Now an Ulster Unionist member (having spent time as a communist and UK Unionist Party adviser), is he concerned at Mr Elliott’s public refusal to attend a Gay Pride event?
“It might have been wiser if he hadn’t said that it’s his choice – I don’t care. If you’re not comfortable with something you don’t want to force people to defend...
“The press, and the BBC obviously, tends to be somewhat liberal on these matters and it’s become a bit PC to be pro-gay rights.”
He has contacted prominent gay rights activist Peter Tatchell to support his backing for a Christian housing worker in Manchester who was demoted after saying that ‘gay church marriage’ was “an equality too far”.
“I endorse his [Tatchell’s] position on that – I don’t want it to become compulsory to love gays. But then the problem is that I’m always a bit of a rebel.”
He was certainly a rebel when he took his case against the government, and to Strasbourg, eventually. Ministers would not even be seen to meet him, Mr Dudgeon said, despite his belief that they had little personal opposition to changing the law.
It was a case which set a global precedent, being quoted in the US Supreme Court when it decriminalised homosexuality in several states, including Texas, and also led to the British Commonwealth inheriting laws based on the outcome of the Strasbourg case.
At the time, Ian Paisley was the face and voice of Ulster opposition to relaxing the prohibitions on homosexual conduct.
But Mr Dudgeon said that while many of the UUP’s MPs were personally relaxed about the issue, the Ulster Unionist Party was “no more open to it” than the DUP, citing problems with selling it to the Orange Order and churches.
Similarly, nationalists – led by SDLP leader Gerry Fitt – followed the Roman Catholic Church’s opposition line and every one of Northern Ireland’s 26 councils passed a motion which opposed decriminalising homosexuality.
This meant that successive governments were loathe to act in the face of strongly voiced opposition from across the sectarian divide.
The UUP’s Jim Molyneaux and Enoch Powell argued “not the substantive change”, but rather claimed that as it was a Northern Ireland matter it should wait for a Stormont parliament to be reconstituted (somewhat contradictory to their integrationist political philosophy which wanted to see Northern Ireland more closely integrated with the rest of the UK).
Having been involved in politics, including a spell as an adviser to Bob McCartney, Mr Dudgeon has met Dr Paisley on several occasions since then.
Has the former DUP leader ever brought up the case?
“No, I’m not too sure he knows... we’d have lunch with him at Stormont during the talks and theology was always what he wanted to talk about. He probably does know who I am or was told who I was at one point but he certainly never broached the subject.”
He added: “It [the campaign] proves one thing – if you’re organised, you can achieve.

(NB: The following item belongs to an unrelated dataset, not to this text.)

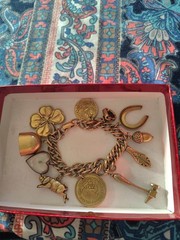 1950’s Charm Bracelet 11 Charm Heavy Gold Tone Good Condition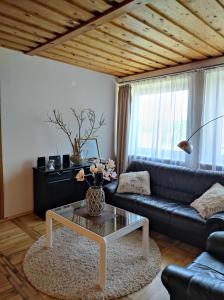 a living room with a black leather couch and a coffee table at Vila su sauna ir kubilu gamtos apsuptyje in Kalviškiai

We were organised; he was organised and that was a clash.
“He wasn’t a hypocrite about it – he took the Iris line about it of ‘Hate the sin, love the sinner’.”
Three decades ago, could he have imagined that public attitudes to homosexuality would change so radically so quickly?

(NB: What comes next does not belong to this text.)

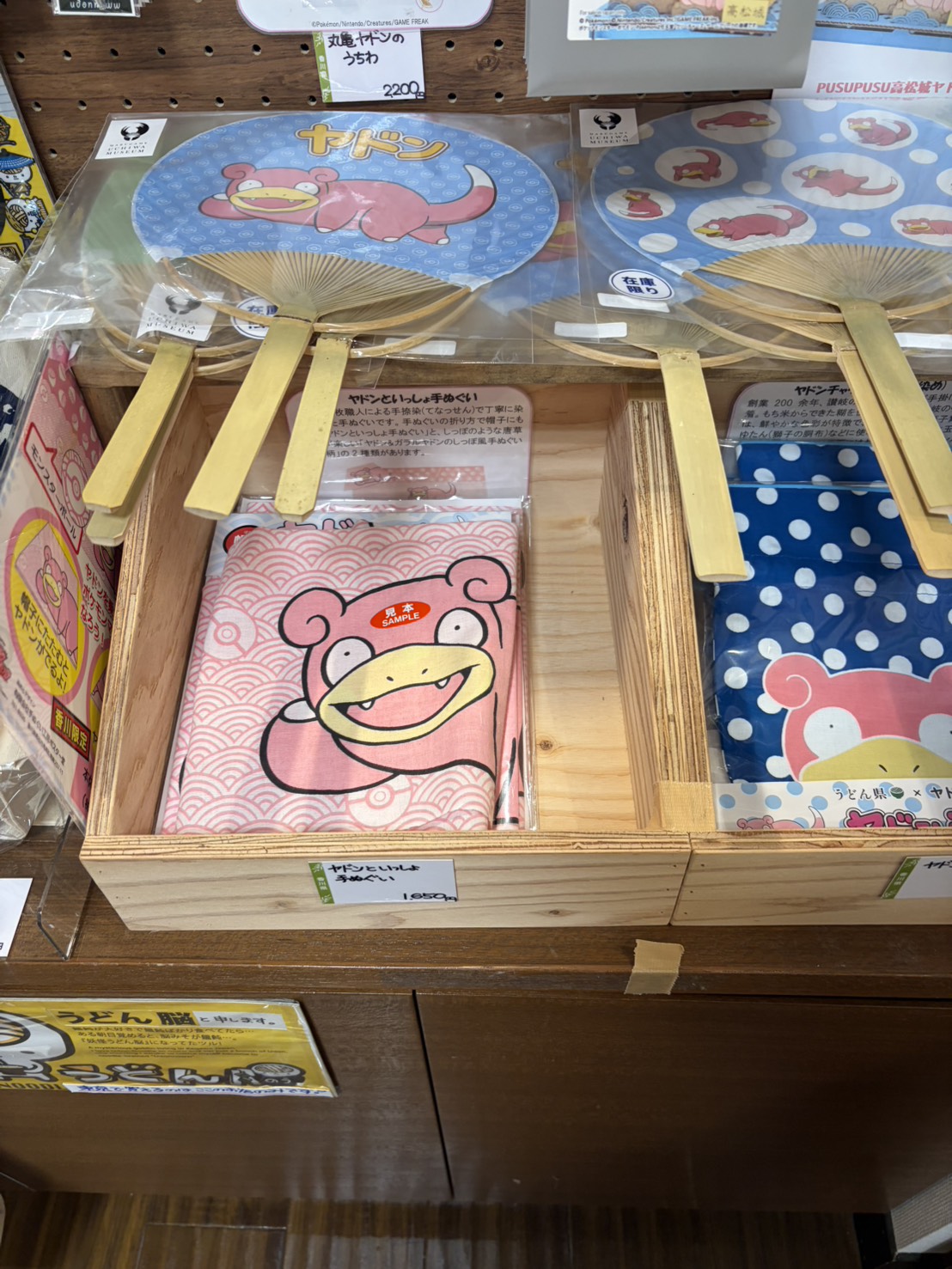 ヤドンが描かれたうちわやタオルのグッズ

“In a sense, I’m not terribly surprised – but maybe it’s gone further than I’d have thought. Civil partnership was not in my head at that time.
“In a sense, Paisley and the DUP have always been a minority group within unionism and Protestantism... now that they are at the top they are mellowing and reflecting the broader society that is around them.”
He says that while some still believe the party is staunchly opposed to gay rights, he has detected a slight change in tone – where before it refused to use the word ‘gay’, it now uses the acronym LGBT which incorporates the word.
And, despite his past battles with the party, Mr Dudgeon said that he wants to “let bygones be bygones and not rake over the past”.